Friday, February 8, 2008

System sweeps up janitor


He may still be prosecuted on State charges.



Judge gives ex-janitor 10-year sentence
By David Saleh Rauf

SAN ANTONIO — Barry Craig Nielsen told a federal judge Thursday that the reality of serving prison time caused him to cut off his ankle monitor and jump bond just days before he was to be sentenced for possessing child pornography. “I’m ashamed of what I did. I never imagined I would go to prison for anything, but I know I deserve it,” the former Comal Independent School District janitor told U.S. District Judge Orlando Garcia, a reference to his guilty plea to possessing about 13,000 images and 350 video files showing children engaging in sex acts. “I deeply regret my crime. I’m ready to accept whatever punishment you feel is just,” Nielsen said.


Shackled at the feet with hands clenched behind his back, the former Smithson Valley Middle School janitor asked Garcia for leniency and said he wants to receive treatment to fight his addiction to pornography.


Garcia expressed no sympathy for Nielsen, rejecting a call by his defense lawyer to sentence Nielsen to no more than 41 months in prison. Instead, with Nielsen acknowledging he erred by jumping bond, the judge sentenced the former 23-year CISD employee to 10 years in prison and supervised release for life, both maximum punishments for one federal count of possessing child pornography. “He’s obviously not accepted responsibility,” Garcia said, “and he obviously absconded.”


Nielsen, 55, will not be eligible for parole under federal sentencing guidelines, his lawyer, Matthew Kyle said. Kyle said Thursday’s sentence did not come as a surprise. “Once he made the poor choice of absconding, the ground work was laid out for the sentence today,” he said.

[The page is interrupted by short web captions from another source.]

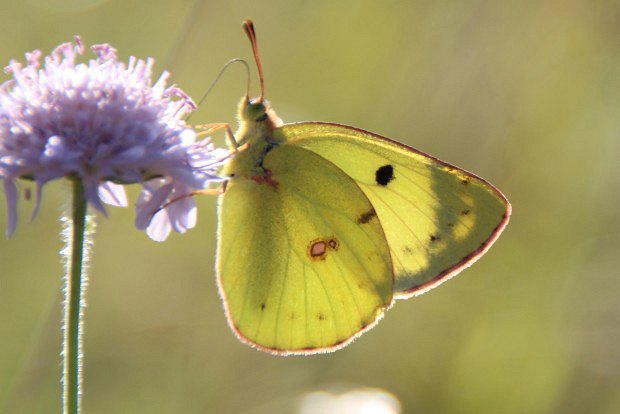 lusek iorekov (Colias hyale L.)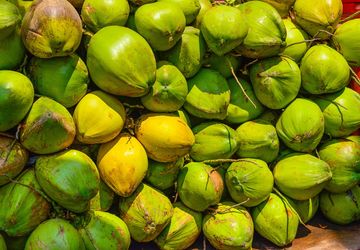 Dari Kebun ke Pasar Dunia: Kelapa Indonesia di Tengah Gelombang Harga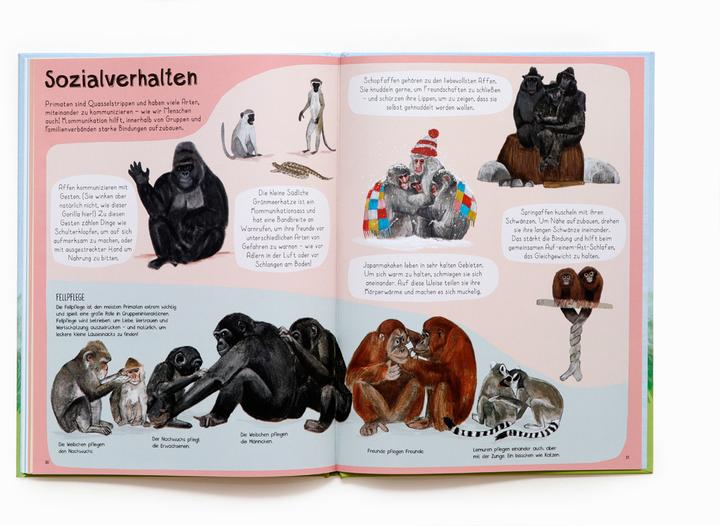 Produktbild Das Affen-Buch (Deutsch, Katie Viggers, Frederik Kugler, 2022)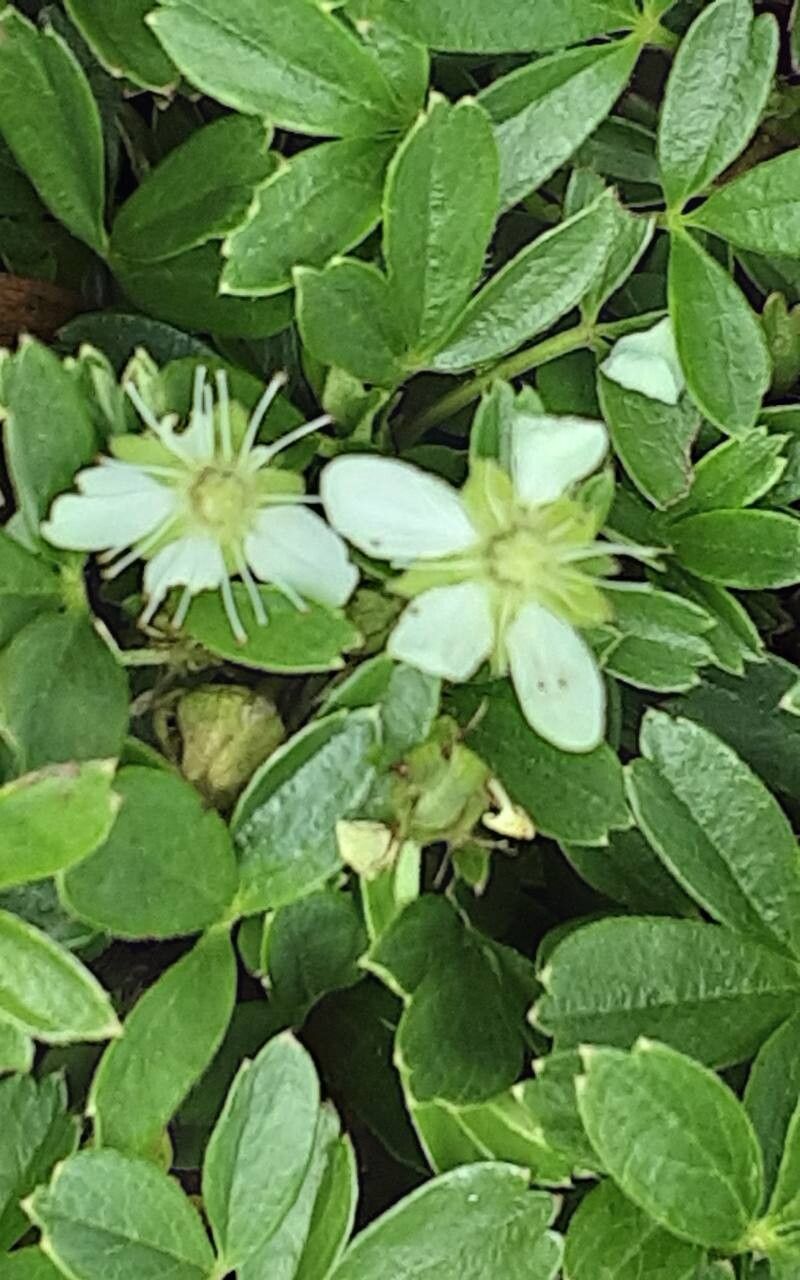 Sibbaldia tridentata flower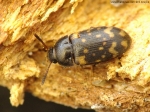 Mycetophagidae - hairy fungus beetles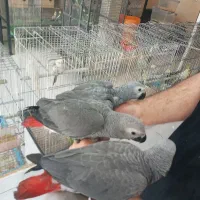 جوجه کاسکو  تازه دونخور نرم خور وسرلاکی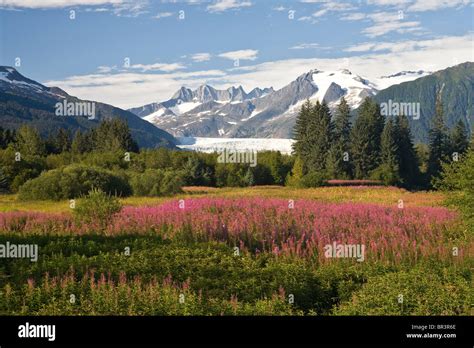 View Of Flowers And Mountains Near Juneau Alaska Stock Photo Alamy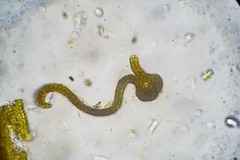 Schistidium frigidum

Nielsen was arrested in February 2006 after federal agents conducting an online investigation found him logged on to Internet peer-to-peer file exchange sites offering child pornography. Undercover agents downloaded two videos with images of child pornography from Nielsen’s IP address and secured a federal search warrant for his Bulverde home. Court records say federal and local agents who conducted the search found 13,015 image files and 354 video files with child pornography on computers, video tapes, external hard drives and compact discs stored in

Nielsen’s bedroom. Federal agents also seized one computer from Nielsen’s school office. He was fired by CISD shortly after his arrest.


At the time, he was a custodial supervisor as Smithson Valley Middle School, where he had worked for 18 years. CISD officials said Nielsen’s arrest had nothing to do with his work. “The justice system has determined his fate and now we will all move forward,” said CISD spokesperson Kari Hutchison. Nielsen was released from jail in March 2006 and pleaded guilty to a federal count of possession of child pornography one year later. He was placed under electronic surveillance but jumped bond in August 2007, four days before his scheduled sentencing. Federal authorities monitoring Nielsen’s ankle bracelet found the device on his kitchen table and the rest of his monitoring equipment still plugged in to the charger, according to court documents.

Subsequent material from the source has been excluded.